● **Aim of the exercise**:
Give back every line of the data exactly. Pictures are not part of the copy.

● **Data excerpt**:
──────────────────────────────
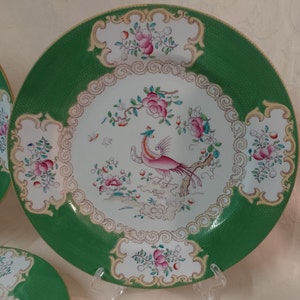 May include: A white porcelain plate with a green rim and a gold trim. The center of the plate features a colorful bird with a long tail, surrounded by flowers and leaves. The plate has a decorative border with a repeating pattern of swirls and flowers.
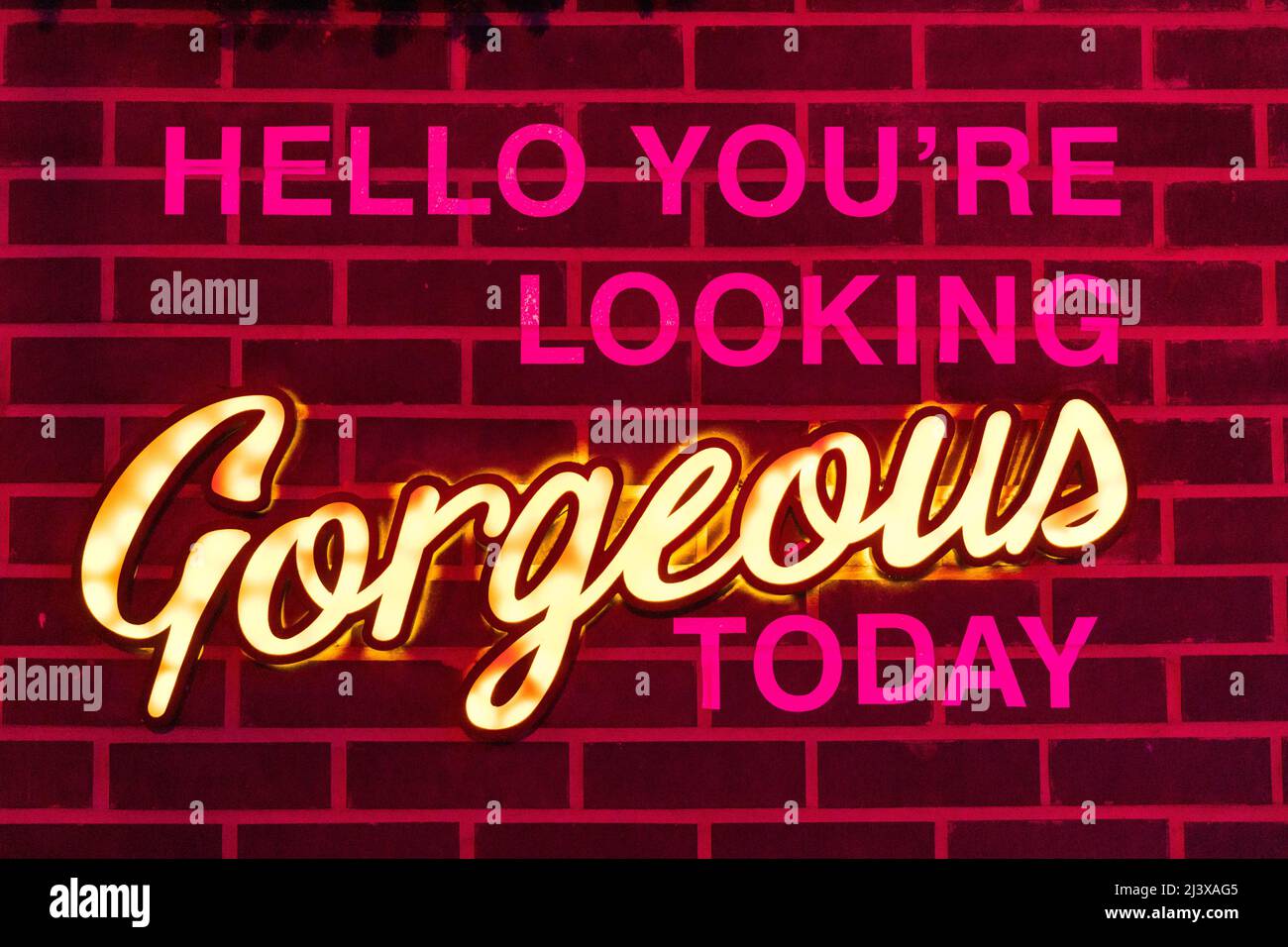 empowering slogan written on a brick wall Stock Photo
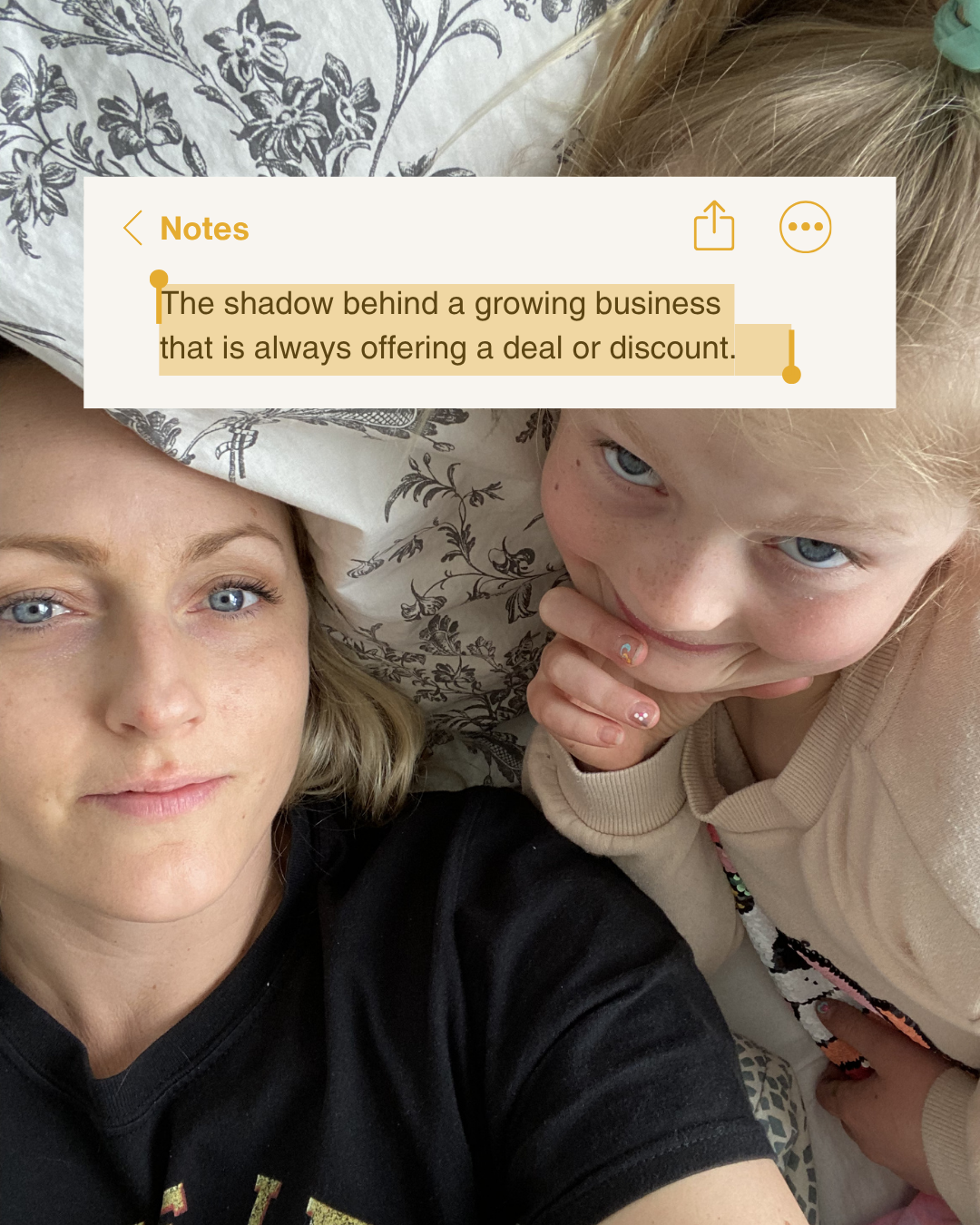 A woman with blonde hair and a young girl with blonde hair lying on a bed or couch, taking a selfie together. The woman is wearing a black shirt, and the girl is wearing a beige hoodie with colorful designs. The woman has clear skin and blue eyes, and the girl has blue eyes, freckles, and a small rainbow and pearl nail design on her fingers.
──────────────────────────────
● **Result of the exercise**:
 May include: A white porcelain plate with a green rim and a gold trim. The center of the plate features a colorful bird with a long tail, surrounded by flowers and leaves. The plate has a decorative border with a repeating pattern of swirls and flowers.
 empowering slogan written on a brick wall Stock Photo
 A woman with blonde hair and a young girl with blonde hair lying on a bed or couch, taking a selfie together. The woman is wearing a black shirt, and the girl is wearing a beige hoodie with colorful designs. The woman has clear skin and blue eyes, and the girl has blue eyes, freckles, and a small rainbow and pearl nail design on her fingers.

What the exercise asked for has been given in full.